THIS AMENDMENT NO. 3 TO EMPLOYMENT AGREEMENT (this “Amendment”) dated as of June 18, 2019 (the “Amendment Effective Date”), by and between Peter D. Aquino (“Executive”) and Internap Corporation, a Delaware corporation (the “Company,” and together with Executive, each, a “Party”, and collectively, the “Parties”).
WHEREAS, the Parties entered into an Employment Agreement, dated September 12, 2016, as previously amended by Amendment No. 1 dated November 14, 2017 and Amendment No. 2 dated March 16, 2018 (collectively, the “Agreement”); and
WHEREAS, the Executive and the Company wish to amend certain provisions of the Agreement as set forth herein.
NOW, THEREFORE, in consideration of the foregoing and for other good and valuable consideration, the receipt and sufficiency of which are hereby acknowledged, Executive and the Company hereby agree as follows:
3. Section 8.13 of the Agreement is deleted in its entirety and replaced with the following:
“Severance Pay” (a) in the event that Section 3.1 or 3.2 is applicable, means cash severance payments in an amount equal to two (2) times the sum of the Executive’s Base Salary as of Termination of Employment, plus Executive’s annual Target Bonus Amount under the Company’s STIP, or other applicable short-term bonus plan in effect as of Executive’s Termination of Employment.

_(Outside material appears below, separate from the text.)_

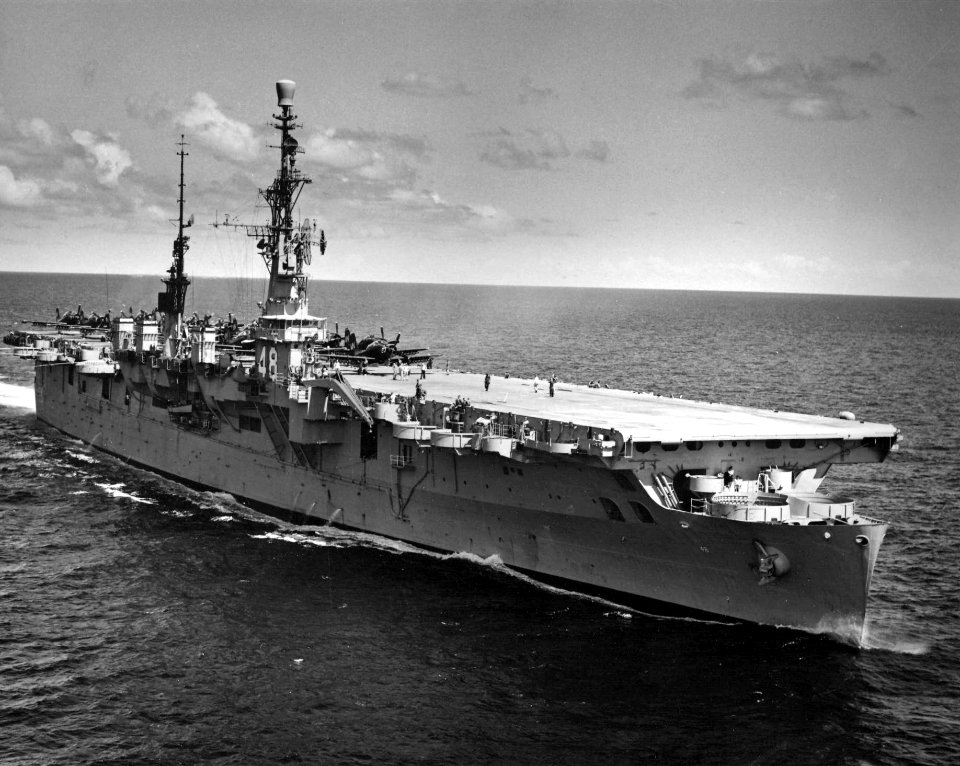 USS Saipan (CVL-48) underway c1955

4. Except to the extent expressly modified or amended by this Amendment, all terms and provisions of the Agreement shall continue in full force and effect and shall remain enforceable and binding in accordance with their respective terms.
5. This Amendment may be executed in counterparts, each of which shall be deemed an original, but all of which together shall be deemed to be one and the same agreement. A signed copy of this Amendment delivered by facsimile, e-mail or other means of electronic transmission shall be deemed to have the same legal effect as delivery of an original signed copy of this Amendment.